Sappiamo, perché la letteratura in materia è ampia e documentata, che i motivi di una crisi aziendale sono riconducibili a due ordini di cause: quelle esterne (es. contrazione della domanda, azioni aggressive dei competitor, maturità di un segmento di mercato, ecc.) e quelle interne (costi della struttura troppo elevati, inadeguato controllo finanziario, perdita di capacità concorrenziale, organizzazione inefficiente, inadeguatezza del management, ecc.).

Ma alcune costanti accomunano tutti i casi studiati sia a livello internazionale che italiano, e quello qui brevemente riportato non fa eccezione:

1) La mancanza di liquidità viene spesso scambiata per la causa di una criticità aziendale, mentre ne è sempre un effetto.

2) Accanirsi nel tentativo di recuperare liquidità per risolvere un problema di liquidità, anche se apparentemente logico, è del tutto controproducente. Lo sforzo non risolve alcunché, porta invariabilmente a perdere tempo prezioso, e comporta un aggravio delle condizioni finanziarie dell’azienda (nel nostro caso, v’è stata una consistente perdita del capitale e l’aggravarsi del debito).

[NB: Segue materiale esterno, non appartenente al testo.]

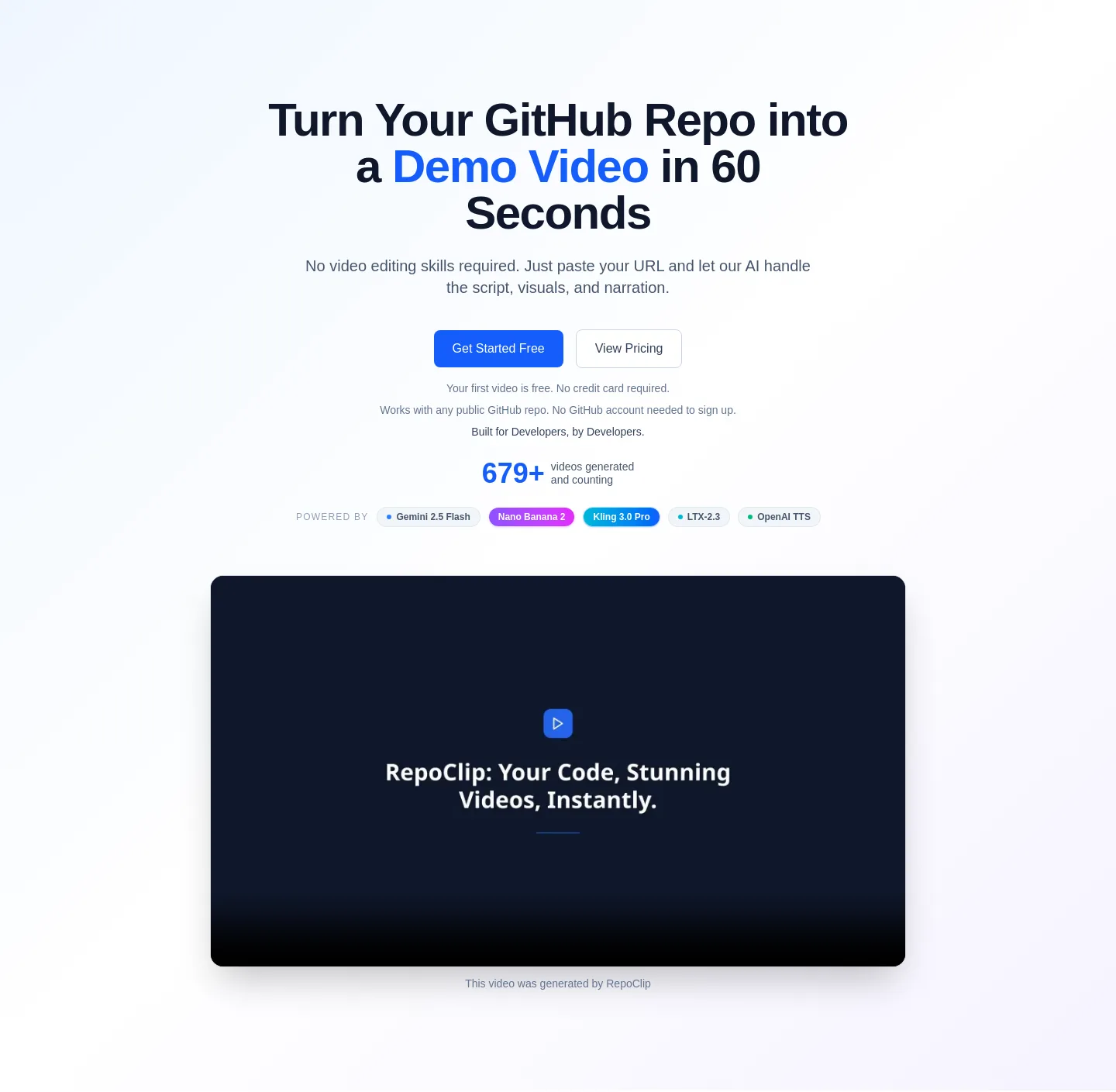 repoclip.io — a real Hero section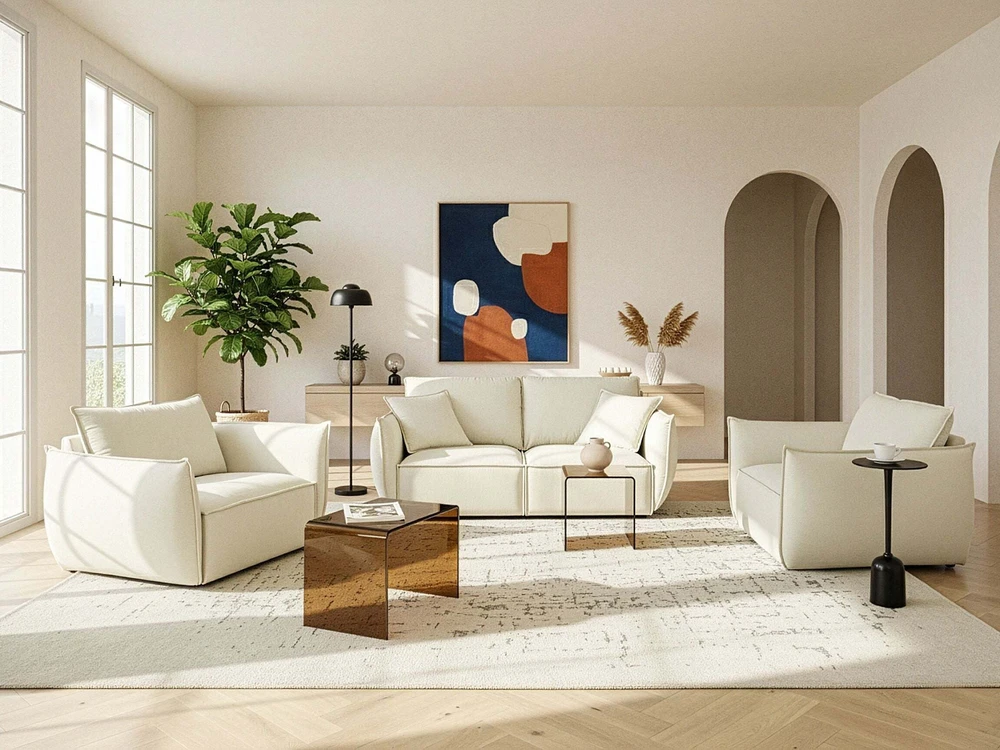 Beliani 3-vietė sofa KUNES šviesiai smėlio spalvos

3) In situazioni di crisi – potenziale o conclamata – la variabile tempo è decisiva: quanto prima si interviene sulle vere cause, migliori sono le probabilità di un esito efficace del lavoro di gestione straordinaria d’impresa.

L’esperienza di Entriage conferma fortemente queste considerazioni. Posso aggiungere, per molteplici esperienze con aziende dalle storie simili a quella di Metalombarda spa, che dall’interno è sempre più difficile accorgersi delle spie e dei sintomi di una crisi.
L’imprenditore non è psicologicamente attrezzato per farlo. Il management spesso fatica anche solo a prendere atto di aspetti problematici dei quali quasi sempre è oggettivamente co-responsabile.

Il rilancio di un’azienda che sia entrata in questo tipo di impasse dipende allora da capacità extra-aziendali, quando queste siano naturalmente in grado di offrire competenze specialistiche, un approccio multidisciplinaretrasversale, tempestività e abilità di gestire temporalmente un’azienda come fosse la propria, fianco a fianco con l’imprenditore.